第16课:Spark Streaming源码解读之数据清理内幕彻底解密

 

本篇博客的主要目的是: 
1. 理清楚Spark Streaming中数据清理的流程

组织思路如下: 
a) 背景
b) 如何研究Spark Streaming数据清理?
c) 源码解析

一:背景 
Spark Streaming数据清理的工作无论是在实际开发中,还是自己动手实践中都是会面临的,Spark Streaming中Batch Durations中会不断的产生RDD,这样会不断的有内存对象生成,其中包含元数据和数据本身。由此Spark Streaming本身会有一套产生元数据以及数据的清理机制。

二:如何研究Spark Streaming数据清理?

1. 操作DStream的时候会产生元数据,所以要解决RDD的数据清理工作就一定要从DStream入手。因为DStream是RDD的模板,DStream之间有依赖关系。
DStream的操作产生了RDD,接收数据也靠DStream,数据的输入,数据的计算,输出整个生命周期都是由DStream构建的。由此,DStream负责RDD的整个生命周期。因此研究的入口的是DStream。

2. 基于Kafka数据来源,通过Direct的方式访问Kafka,DStream随着时间的进行,会不断的在自己的内存数据结构中维护一个 HashMap,HashMap维护的就是时间窗口,以及时间窗口下的RDD.按照Batch Duration来存储RDD以及删除RDD.

3. Spark Streaming本身是一直在运行的,在自己计算的时候会不断的产生RDD,例如每秒Batch Duration都会产生RDD,除此之外可能还有累加器,广播变量。由于不断的产生这些对象,因此Spark Streaming有自己的一套对象,元数据以及数据的清理机制。

4. Spark Streaming对RDD的管理就相当于JVM的GC.

三:源码解析 
generatedRDDs:安照Batch Duration的方式来存储RDD以及删除RDD。

// RDDs generated, marked as private[streaming] so that testsuites can access it

@transient

private[streaming] var generatedRDDs = new HashMap[Time, RDD[T]] ()

我们在实际开发中,可能手动缓存,即使不缓存的话,它在内存generatorRDD中也有对象,如何释放他们?不仅仅是RDD本身,也包括数据源(数据来源)和元数据(metada),因此释放RDD的时候这三方面都需要考虑。
释放跟时钟Click有关系,因为数据是周期性产生,所以肯定是周期性释放。 
因此下一步就需要找JobGenerator

1. RecurringTimer: 消息循环器将消息不断的发送给EventLoop

private val timer = new RecurringTimer(clock, ssc.graph.batchDuration.milliseconds,

  longTime => eventLoop.post(GenerateJobs(new Time(longTime))), "JobGenerator")

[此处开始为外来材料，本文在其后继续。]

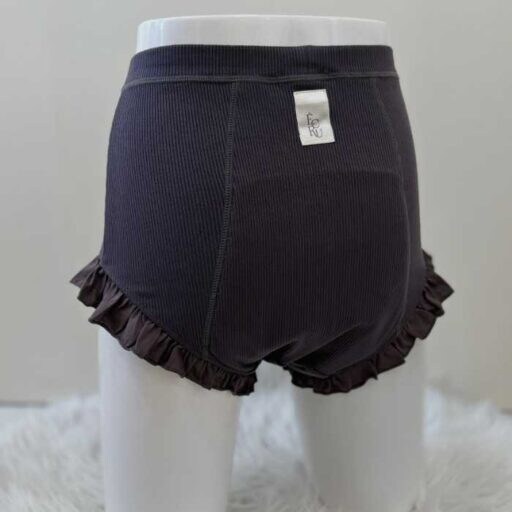 ÉCRUから初潮世代に寄り添う新作♡安心とおしゃれを両立するジュニア吸水ショーツ登場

2.  eventLoop:onReceive接收到消息。

/** Start generation of jobs */

def start(): Unit = synchronized {

  if (eventLoop != null) return // generator has already been started

 

  // Call checkpointWriter here to initialize it before eventLoop uses it to avoid a deadlock.

  // See SPARK-10125

  checkpointWriter

 

  eventLoop = new EventLoop[JobGeneratorEvent]("JobGenerator") {

    override protected def onReceive(event: JobGeneratorEvent): Unit = processEvent(event)

 

    override protected def onError(e: Throwable): Unit = {

      jobScheduler.reportError("Error in job generator", e)

    }

  }

3.  processEvent:中就会接收到ClearMetadata和ClearCheckpointData。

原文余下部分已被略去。